Single Lens Reflex 101

Date: 2004-08-07 02:49 pm (UTC)
From: [identity profile] rwl.livejournal.com


This relates to a digital camera far more expensive than the one that you or I have. The f-stop relates to the size of the aperture (i.e., the effective light-gathering area of the lens). The lower the f-stop, the greater the effective light-gathering ability of the camera. (You also can control the effective light-gathering ability of the camera via the shutter speed -- an exposure at 1/60th of a second gives the camera about double the effective light-gathering ability of an exposure at 1/125th of a second.) Stopping down the camera by going up one click on the f-stop (say, from f5.6 to f8), you halve the available area of the lens and thus halve the light gathering ability of the camera. Stopping down the camera is useful in that it allows you to increase the depth of the field (i.e., keep things in the background of the photo in focus).

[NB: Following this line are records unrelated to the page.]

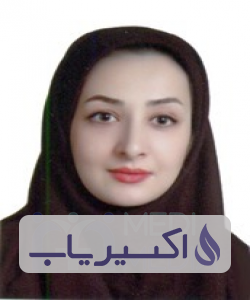 دکتر سپیده کاظمی ازغدی
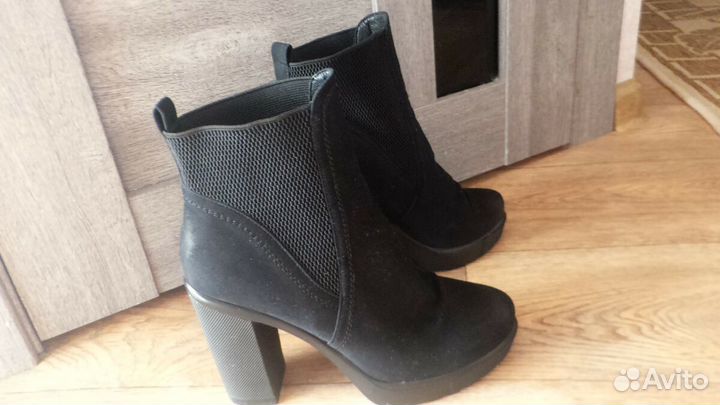 Ботильоны Vensi 38р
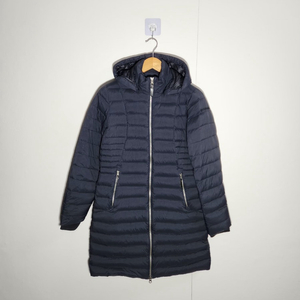 [컬럼비아] 95 66 여 구스다운패딩 경량패딩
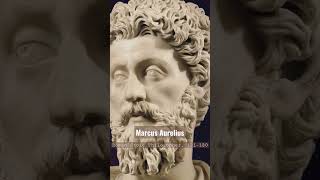 MARCUS AURELIUS - Life Changing Quotes | Stoicism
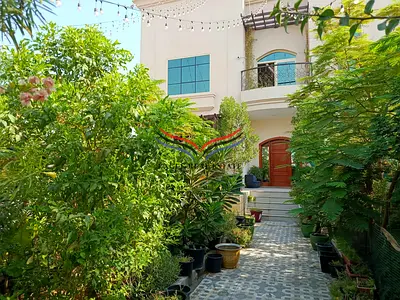 Spacious 4 Bedroom Villa with Maid’s & Laundry Room | AED 120,000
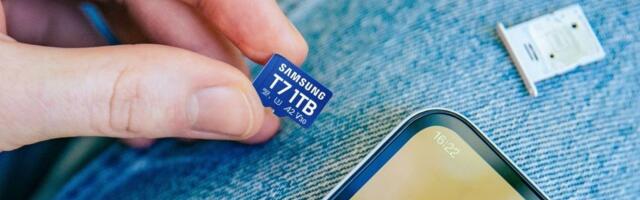 Samsung lansira na tržište nove microSD kartice kojima osnažuje svoj asortiman uklonjivih memorijskih uređaja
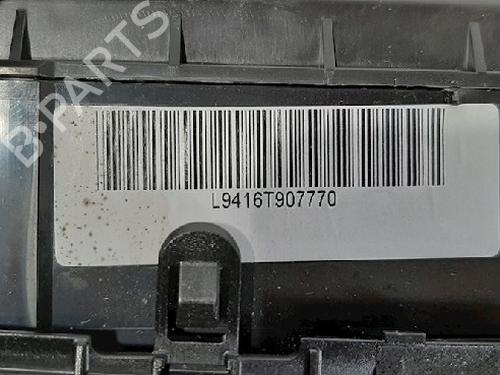Climate control NISSAN QASHQAI II SUV (J11, J11_) 1.6 dCi | BP10877421I5 
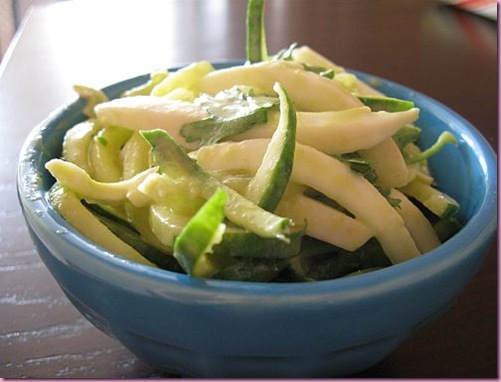 coconut-salad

You decide on what f-stop and shutter speed to use by the camera's light meter -- if the light meter says the settings are OK for the photo but you decide that you want to further increase the depth of the field, you go up a click on the f-stop and counterbalance it by going down a click on the shutter speed (i.e., from 1/250th of a second to 1/125th of a second). This simple reciprocity works for most combinations of shutter speed and aperture control until you get to very long exposures -- after that doubling the exposure time no longer doubles the effective light-gathering ability of the camera. (This is known as "reciprocity failure" and mostly relates to astrophotography -- for most films, doubling the exposure time, say from 2 minutes to 4 minutes, does not lead to a doubling in light gathered in the image.)

You can buy a digital camera with a light meter plus aperture and shutter speed control (and interchangeable lenses), but the last time I checked something like that cost thousands of dollars. The price is coming down, though, and I think in about another five years it will be affordable by casual photographers like you and me. That's why I didn't want to spend a huge amount of money on a camera that could soon become obsolete.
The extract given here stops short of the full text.